##### DATASET EXTRACT #####
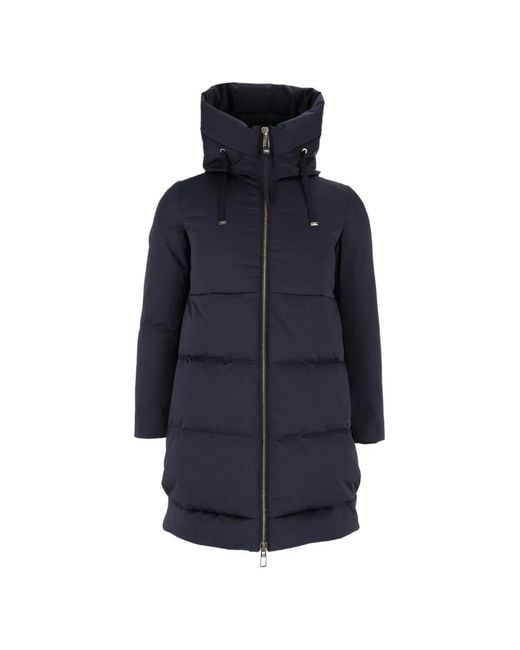 DUNO Blue Quilted-Hooded Coat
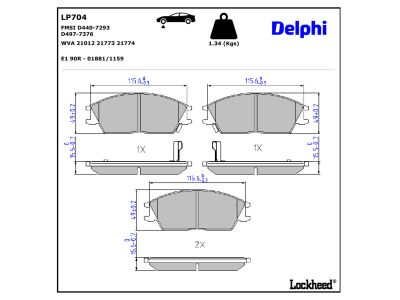 Juego de 4 pastillas de freno (Almohadilla de freno) DELPHI ref. LP704
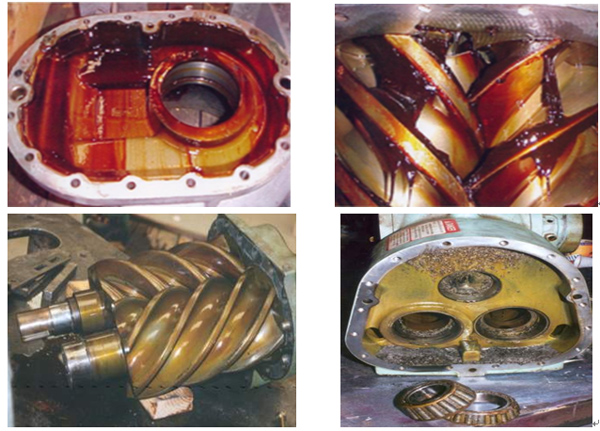 使用差的润滑油，机器长期运行后会在压缩机油路内形成油泥和积碳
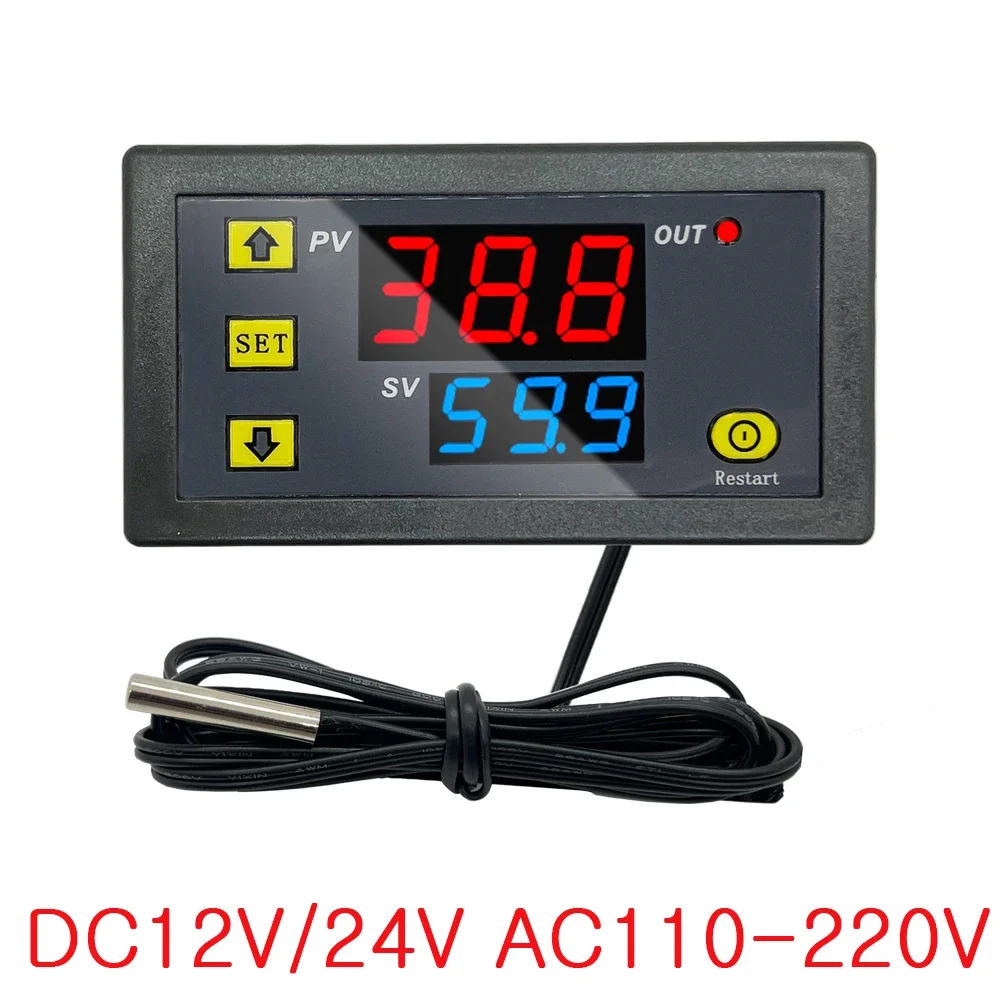 DC 12V/24V AC110-220V linia sondy 20A cyfrowa kontrola temperatury termostat z wyświetlaczem LED z przyrządem do kontroli chłodzenia ciepłem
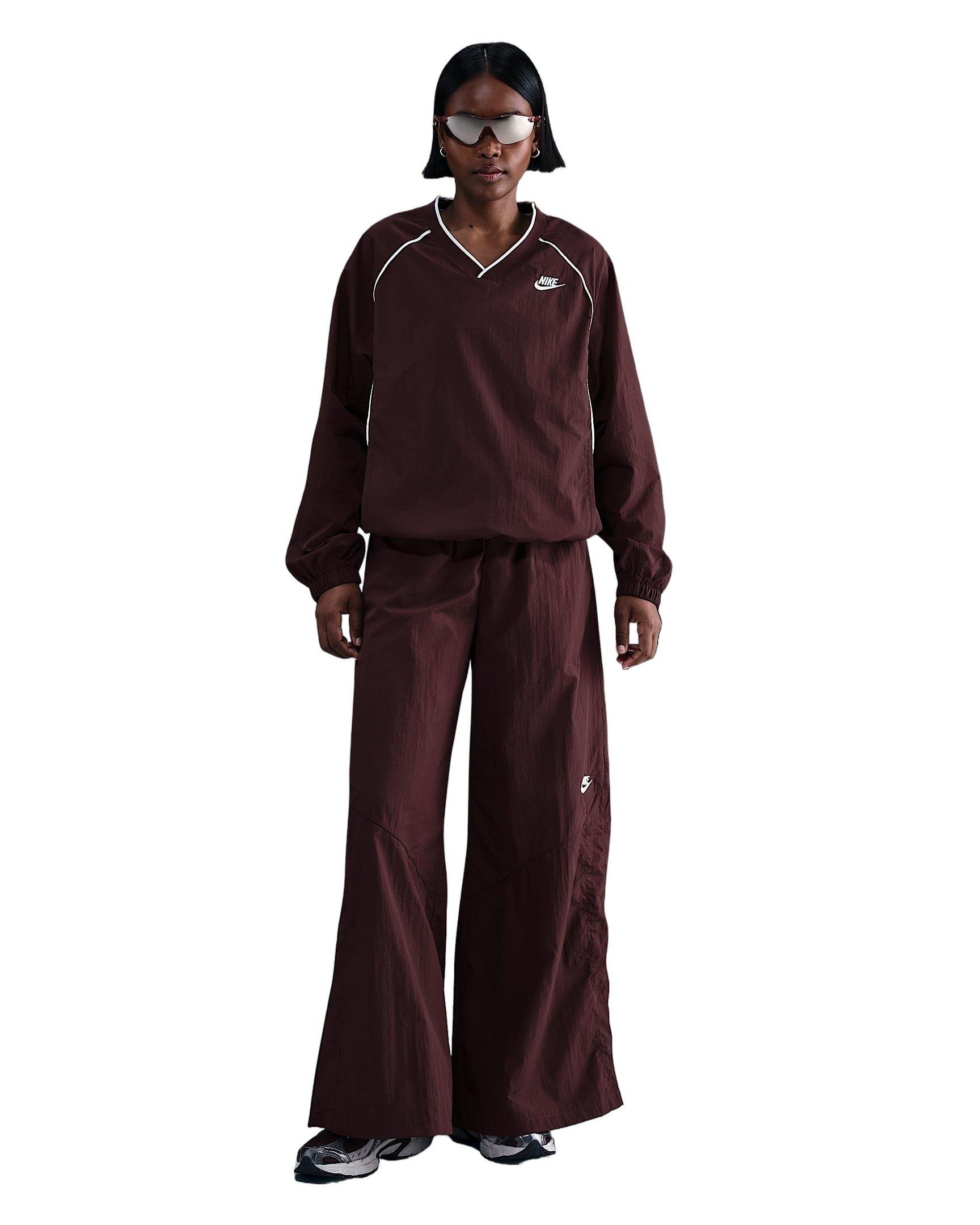 Nike Women's Sportswear Wide-Leg Woven Trousers - Red - RED Thumbnail View 1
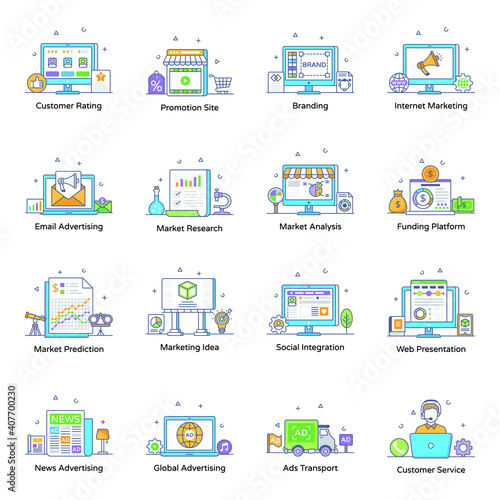  Set of Marketing and Promotion Flat Outline Vectors 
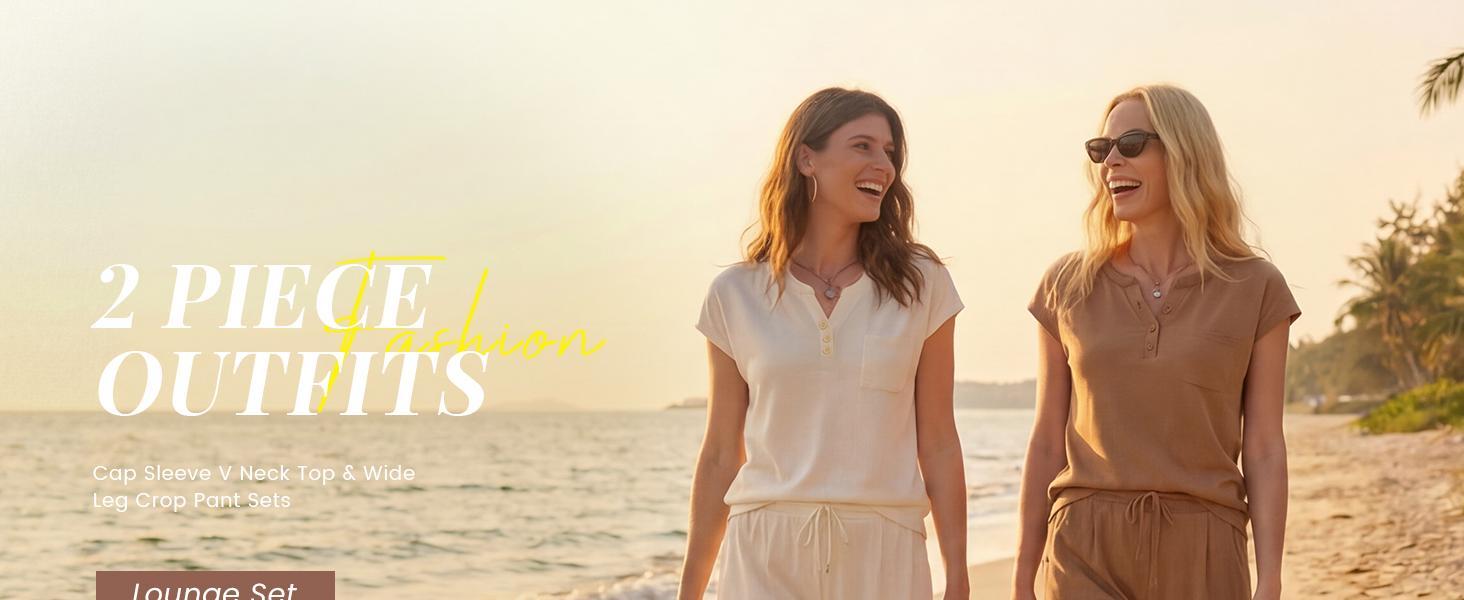 Women's 2 Piece Pant Sets Casual Travel Outfits Summer Cap Sleeve Top Wide Leg Crop Pants Matching Set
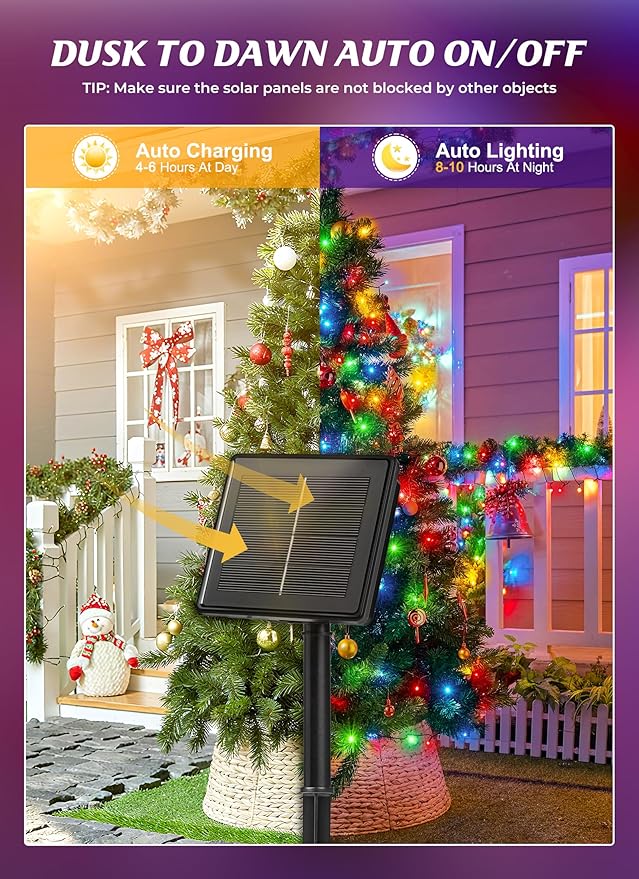 Brightown 2 Pack Solar Christmas String Lights Outdoor, Total 144Ft 400 LED Twinkle Fairy Lights Waterproof with 8 Modes Auto On/Off for Patio Tree Garden Party Home Wedding Decorations (Multicolor)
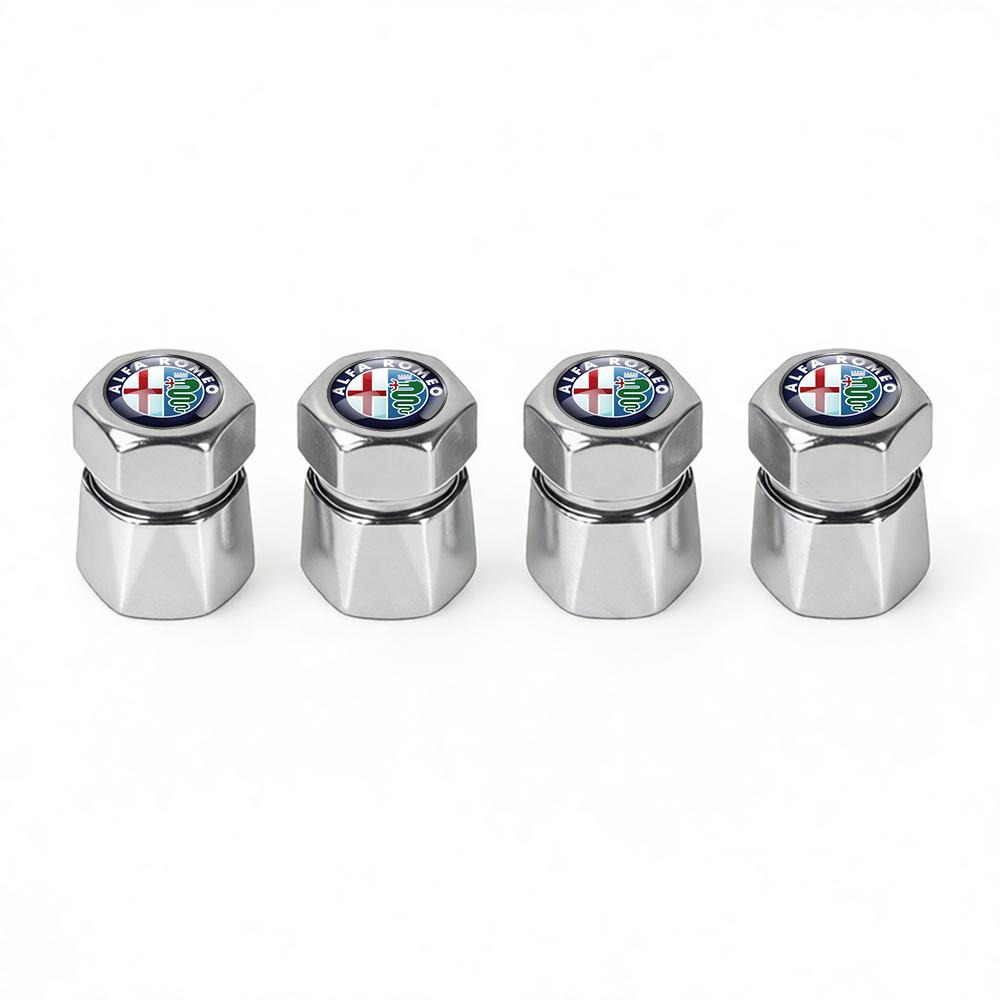 DYSA7 4Pcs Car Wheel Tire Valve Caps Dust Proof Cover Decoration For Alfa Romeo Giulia Giulietta 159 147 156 MiTo Stelvio Accessories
#####
_WHAT YOU ARE ASKED TO DO:_ Repeat the records word for word, skipping pictures.

_SOLUTION TO THIS TASK:_
 DUNO Blue Quilted-Hooded Coat
 Juego de 4 pastillas de freno (Almohadilla de freno) DELPHI ref. LP704
 使用差的润滑油，机器长期运行后会在压缩机油路内形成油泥和积碳
 DC 12V/24V AC110-220V linia sondy 20A cyfrowa kontrola temperatury termostat z wyświetlaczem LED z przyrządem do kontroli chłodzenia ciepłem
 Nike Women's Sportswear Wide-Leg Woven Trousers - Red - RED Thumbnail View 1
  Set of Marketing and Promotion Flat Outline Vectors 
 Women's 2 Piece Pant Sets Casual Travel Outfits Summer Cap Sleeve Top Wide Leg Crop Pants Matching Set
 Brightown 2 Pack Solar Christmas String Lights Outdoor, Total 144Ft 400 LED Twinkle Fairy Lights Waterproof with 8 Modes Auto On/Off for Patio Tree Garden Party Home Wedding Decorations (Multicolor)
 DYSA7 4Pcs Car Wheel Tire Valve Caps Dust Proof Cover Decoration For Alfa Romeo Giulia Giulietta 159 147 156 MiTo Stelvio Accessories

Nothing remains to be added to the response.